Focusing on Agents First
Farmers Alliance's program stands out in part because the company has chosen to introduce a mobile app first to agents rather than to its policyholders -- the strategy much of its competition is pursuing (the company is getting ready to introduce a product for policyholders and expects it to be available in the next 18 months). "We're a little unique because we've concentrated first on our independent agents, but we do see value in serving both of these audiences with an app, We've concentrated on our agents first because we want to empower them, and because they do constitute our only distribution channel, we've wanted to keep them in the loop from the get-go, whether we're talking about apps targeting them or our policyholders directly.
"Whatever we do we want to be acceptable to the agent," he emphasizes. "We want their sign-off."
The company's app has been in the works for over three years, Edwardson says; Farmers Alliance execs believe it's ideal for the rural farming communities that it serves. "These are very tight communities -- everyone knows everyone -- and it's certainly not uncommon for one of our agents to bump into a farm customer who might say, 'Did you get my payment?' or 'when is my next payment due?' Or 'I've been meaning to ask you about this.' Now, because of our app, those questions can be answered right then and now, and answered to everyone's satisfaction, without a need to get back to them."
Keeping it Simple
In developing the app, Farmers Alliance has chosen to keep it relatively simple, in part because most agents access it through a smart phone -- "can you imagine having to key in over 100 data points if you're collecting data?" Edwardson asks -- and partly because it doesn't want its agents attempting to offer complex answers at the spur of the moment. "For example, we don't allow agents to quote insurance costs for policyholders buying a new car," he says.
Instead, Edwardson explains, “We've chosen to develop an app that is not highly transaction-oriented, but more inquiry-specific.
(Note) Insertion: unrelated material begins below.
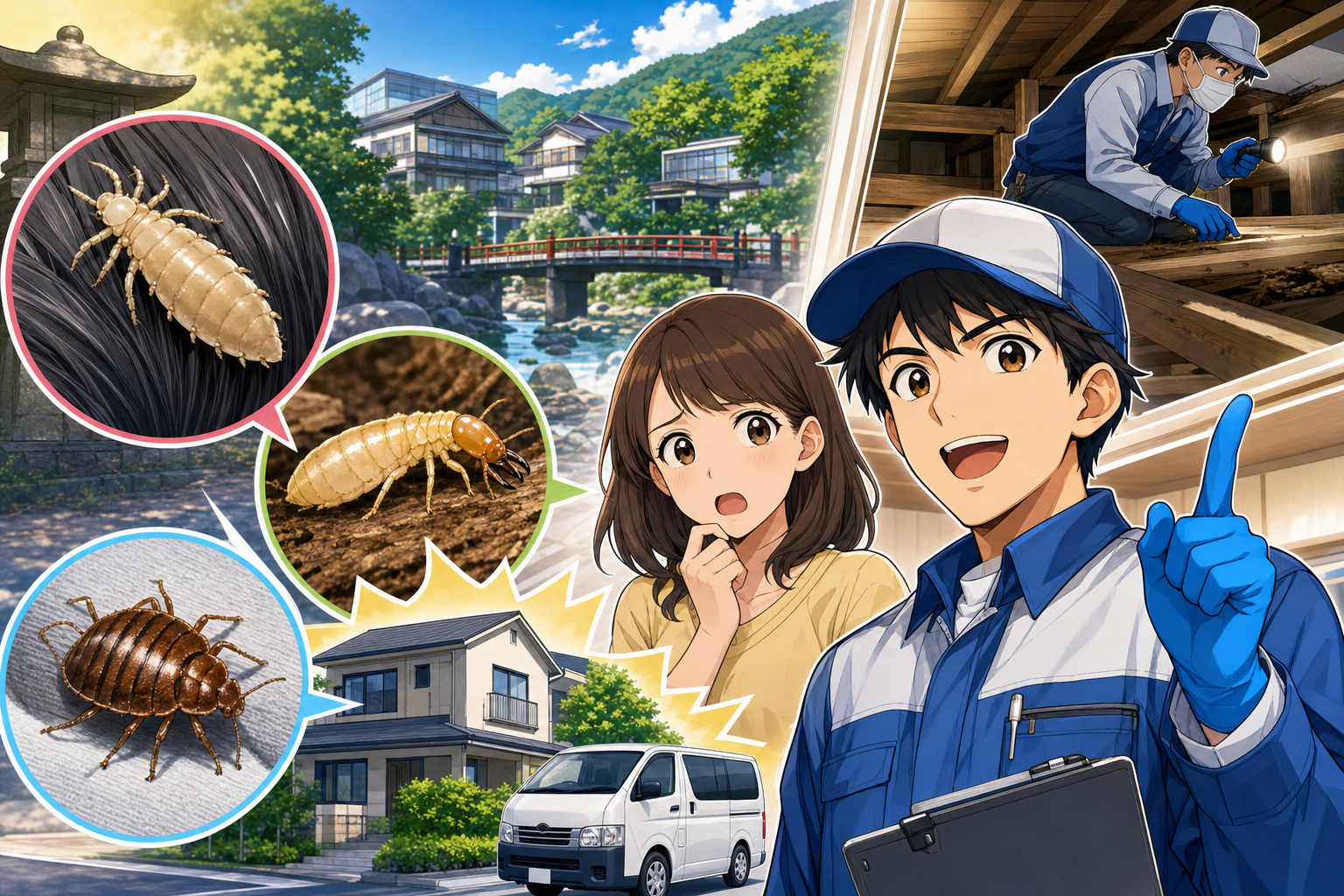 まず知っておきたい！玉造エリアで害虫を駆除するなら「総合対応型」の業者が正解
We've noticed a lot of benefit in the realm of billing in rural markets. 'What do I owe and when?' 'What's my billing cycle?' And we can do the same sorts of things with claims. 'Is the claim being processed? When may I expect a check?'"
As the company readies itself to provide a mobile app directly for policyholders, it's taking pains not to threaten its agents. That means limiting what customers will be able to do and ensuring that agents are notified of everything a customer does with the app—whether it’s updating a mailing address or notifying the insurer of a change in banks.
"We understand that many customers no longer want to do business through the mail,” says Edwardson. “They're not asking specifically for a mobile app, but they do want services provided directly to them, and our app is part of how we're responding."
Are there risks involved? Very few, according to Edwardson: "We've worried a little about errors and omissions exposure, but there's nothing about the app that makes E&O stand out relative to anything else the agent doing," he notes.
Security and privacy issues are another concern. "What would happen if an agent lost the smart phone with the mobile app?" Edwardson asks rhetorically. But Farmers Alliance has dealt with issues like that before “”and think we have it in hand," he replies.
The CIO acknowledges that Farmers isn’t the only insurer experimenting with new app programs. "We're all still dipping our toes in this but apps are continuing to gain traction across carriers," he says. "For all of us, this is a work in progress."